All beamshots are taken in the same order as the lights up above.






As you can see, there's a lot more tint variability on these cheap lights compared to the premium tints on my multi-level 1AA review. Here's a lower exposure to show you the hotspots better:






The Simply Cree beamshot is missing since the first unit I was shipped had the wrong emitter (replaced by DX). I haven't bothered to re-take the beamshots, since it doersn't look appreciably different from the other lights

*2AA Beamshots:*





Note that I sputtered the reflector of the 601A modded with the KLC8 slightly, to help with very noticeable yellow corona. The Aurora-Cree mod throws the Cree die "space invader" image as shown in this mod review thread. Again, here's a lower exposure to show you the hotspots better:






*Summary Chart for 2500mAh Sanyo NiMH*











*Method:* All my output numbers are relative for my home-made light box setup, a la Quickbeam's FR.com method. My relative overall output numbers are typically similar to his, although generally a little lower. You can directly compare all my review graphs - i.e. an output value of "10" in one graph is the same as "10" in another.

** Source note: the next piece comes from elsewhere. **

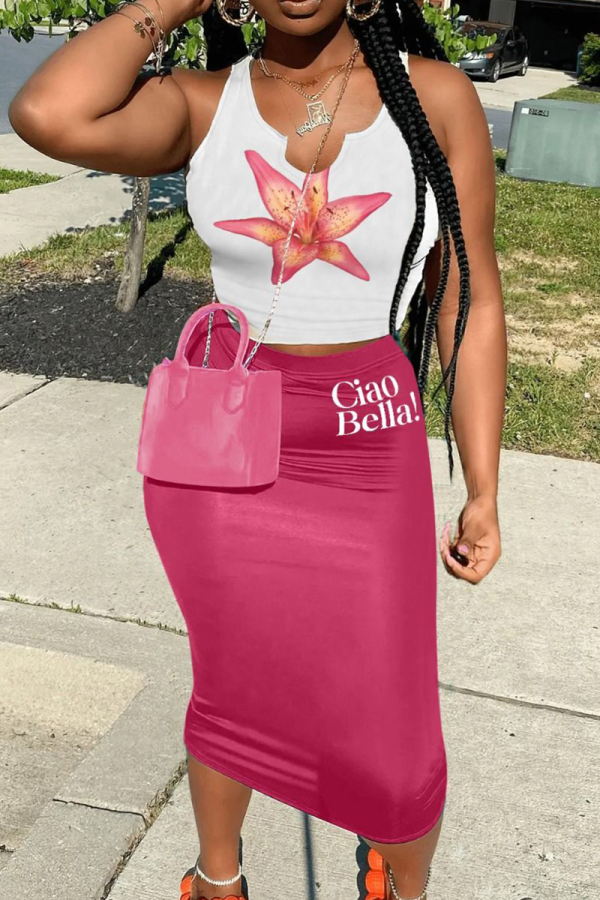 Sexy Print Patchwork V Neck Sleeveless Two Pieces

Throw values are the square-root of lux measurements taken at 1m using a light meter. 

*Runtimes:* 











*Note:* Although the output looks lower on Aurora Cree-mod, I suspect that's just because the light is such a thrower. I find my home-made lightbox doesn't accurately report output for extremely tightly focused throw lights like this. From a ceiling bounce test, it's not that much dimmer than the others.

*Key Observations:*

_Build Quality_

No way around it - you get what you pay for. The Ultrafire C3 Cree and MTE SSC are the only two <$20 lights I consider of acceptable minimal quality to recommend for purchase. FYI, the battery tube on the C3 is a bit tight - not all high amperage NiMH may fit.
The Aluminum 1.25W, Enhanced Cree, and Simply Cree all showed considerable flickering upon arrival. I was able to get the latter two running reasonably stably after much effort, but the Aluminum Cree was just hopeless. All three lights carry current through the screw threads (body and tailcaps don't make direct contact with the too-short battery tube), all have mis-centered emitters with crudely adjusted reflectors. The Aluminum and Simply Cree had lots of debris within the head (i.e. trapped behind the lens in the reflector area).
The Ellys (DIY mod or pre-modded) are good performers for the price, but build quality can be poor (I've had a number of DOA units, only some of which I could restore to usefulness). Caveat emptor ...

_Output vs Runtime_

Generally no surprises here for the 1AA lights - the lower the initial output, the longer the battery lasted. 
The Simply Cree was definitely the low output runtime king, but build quality issues prevent me from generally recommending it.
The older 2AA models typically were not better overall output/runtime performers than the newer 1AA lights, except for the C3 and 602A1 where the 2AA extension tube greatly increased runtime - but with negligible effect on overall output.

_Output vs Throw_ 

None of the 1AA are throw monsters, although the modded Elly has pretty good throw for it’s overall output.
The Aurora Cree-mod has quite good throw with relatively little spill, but projects the die image unless you put a diffuser film over the center of the optic (I find Glad press 'n seal works well ).
The lower quality stock Cree lights tended to have poorly adjusted reflectors, resulting in even less throw than you might expect for their lower overall output. 

_Modded vs stock_ 

None of the 1AA lights could out-throw or out-output my SSC modded 602A1, although the C3 and MTE were pretty respectable.
The Cree-modded Elly is good all-around performer. If you already have one, you may not feel inclined to go with the stock Cree single-stage models.
No one of the modded 2AA lights was a particularly better performer than the others in overall output/runtime, although the Aurora Cree-mod threw pretty far.

*Conclusion:*

For either Output or Throw fans, the C3 and MTE are your best bets among the stock Cree/SSC lights. Both have acceptable build quality, although nothing spectacular
I can't recommend any of the lower output lights for runtime, since they all had build quality issues
If you already have a modded 602A1 or Elly, you may not see much of a benefit to getting one of these stock Cree/SSC lights.
The 2AA extension tube is a good buy if you already have an Ultrafire C3 or 602A1, since it increases runtime (but has no effect on overall output).
If you can afford it, I'd recommend one of the better quality multi-stage 1AA lights reviewed here.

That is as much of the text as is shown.